AIM OF THE EXERCISE
Pictures excluded, set down exactly the lines from the one containing "White Finish American" through the final line of the material, and only those.

*** Opening DATA FOR PROCESSING ***

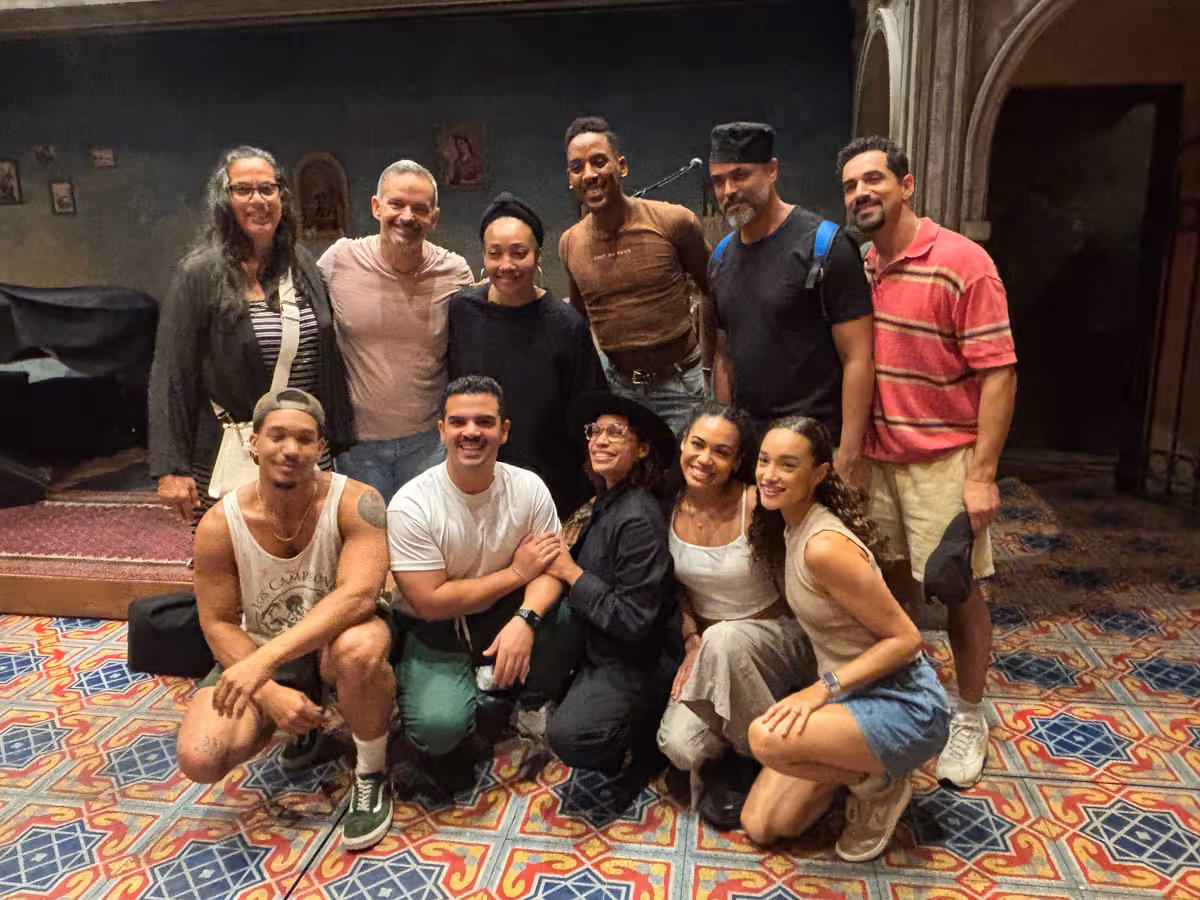 Jes s Pupo with actress Rosario Dawson and fellow Buena Vista Social Club cast members following a performance at Broadway?s Gerald Schoenfeld Theatre NY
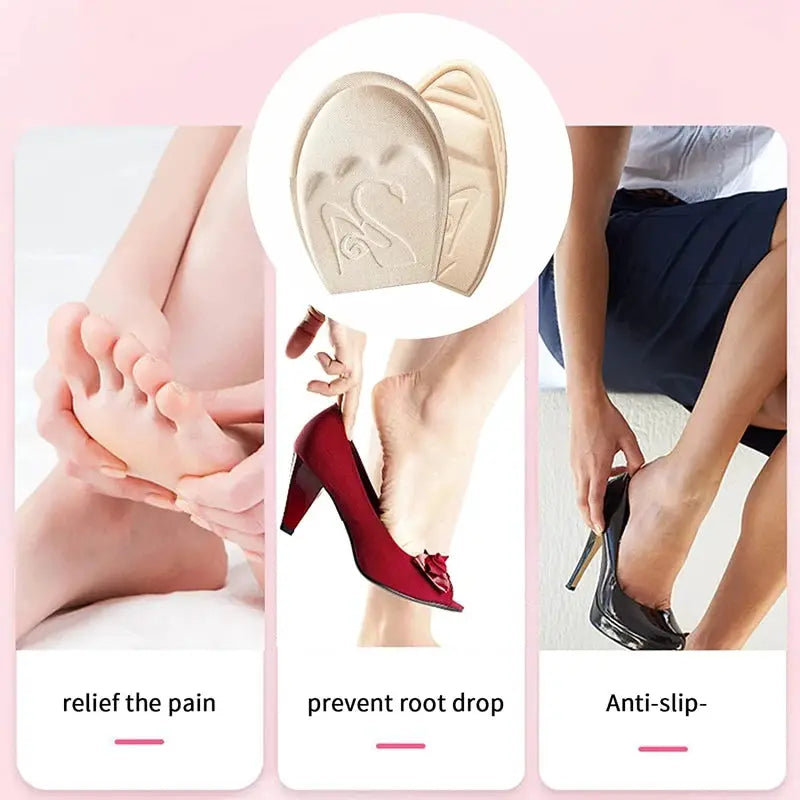 FootEase Forefoot Pad Half Insoles Non Slip Cushion For Pain Relief And Size Reduction In High Heels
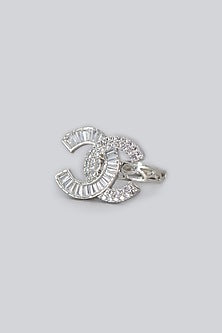 White Finish American Diamond Handcrafted Ring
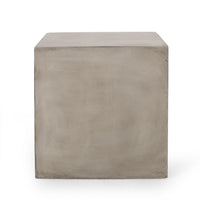 Ebec Outdoor Side Table, Modern Cube Light Gray Faux Concrete, 22 Inch - BM324031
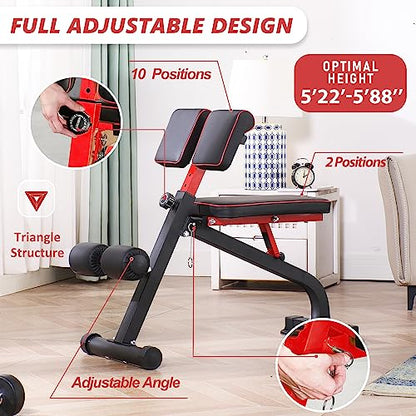 BODYRHYTHM Compact Adjustable Weight Bench for Full Body Strength Training, Ab/Back Hyper Roman Chair, Adjustable Ab Sit up Bench, Incline Decline Bench, Flat Bench, Hyperextension Bench, Back Extension Machine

*** Closing DATA FOR PROCESSING ***

RESULT BELOW
 White Finish American Diamond Handcrafted Ring
 Ebec Outdoor Side Table, Modern Cube Light Gray Faux Concrete, 22 Inch - BM324031
 BODYRHYTHM Compact Adjustable Weight Bench for Full Body Strength Training, Ab/Back Hyper Roman Chair, Adjustable Ab Sit up Bench, Incline Decline Bench, Flat Bench, Hyperextension Bench, Back Extension Machine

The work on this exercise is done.